----- Excerpted data -----

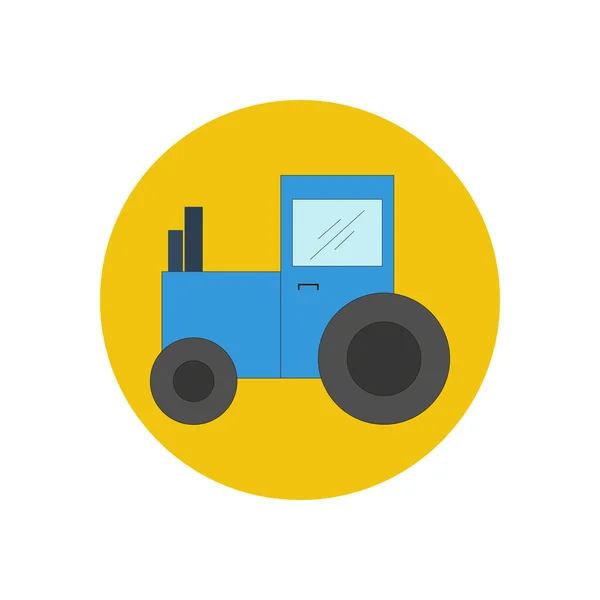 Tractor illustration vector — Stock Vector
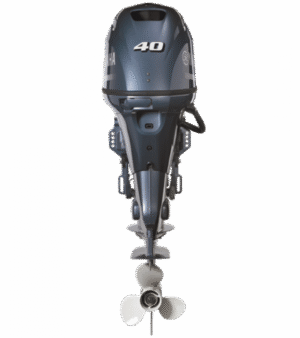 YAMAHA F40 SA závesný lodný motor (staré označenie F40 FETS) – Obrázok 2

-----
----- Excerpted data -----

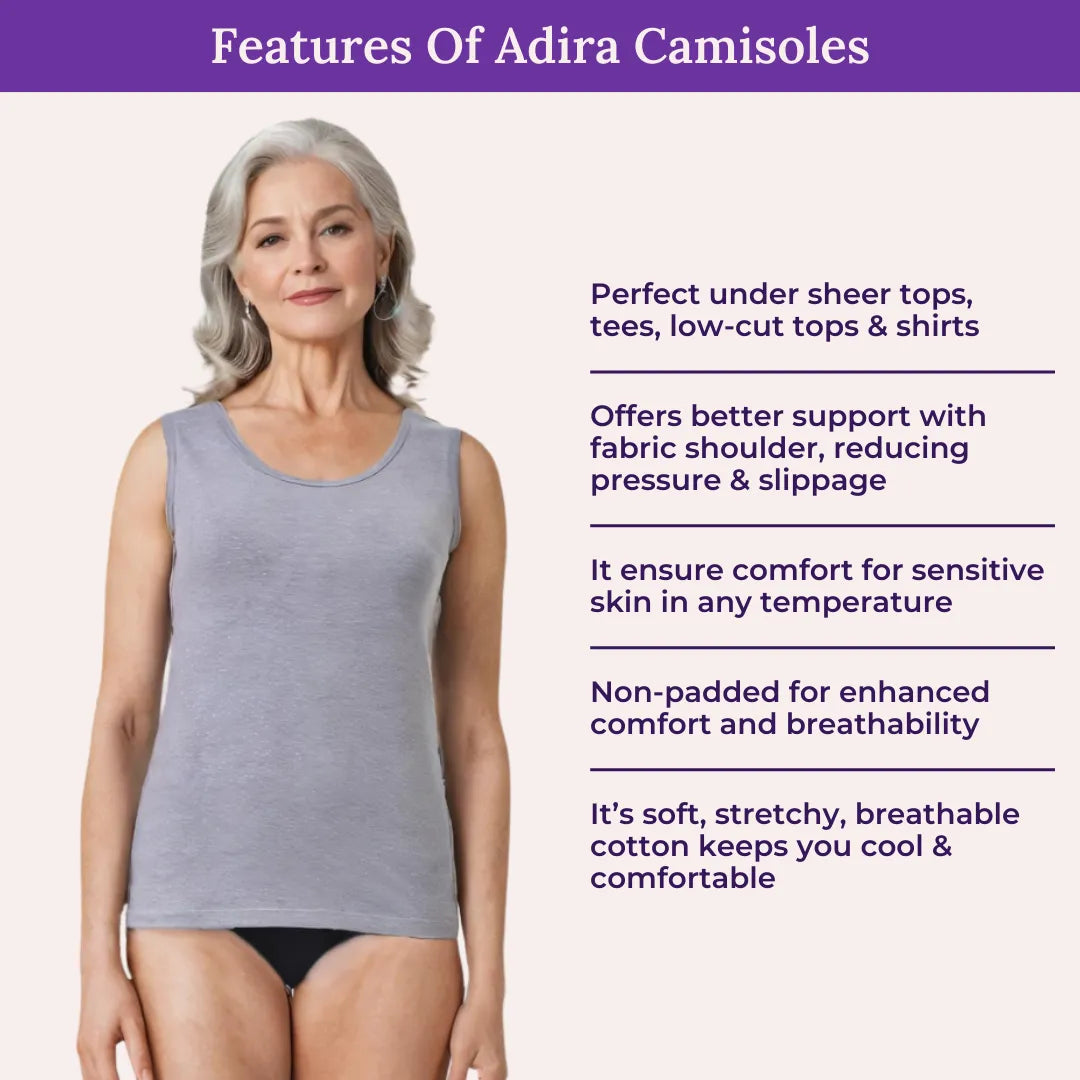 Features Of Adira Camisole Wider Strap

-----

_Your assignment_. From the records above, give again only the part that opens with the line containing "Tractor illustration vector — Stock Vector" and closes with the line containing "YAMAHA F40 SA". Keep both ends but drop the pictures.

_Exercise result_.
 Tractor illustration vector — Stock Vector
 YAMAHA F40 SA závesný lodný motor (staré označenie F40 FETS) – Obrázok 2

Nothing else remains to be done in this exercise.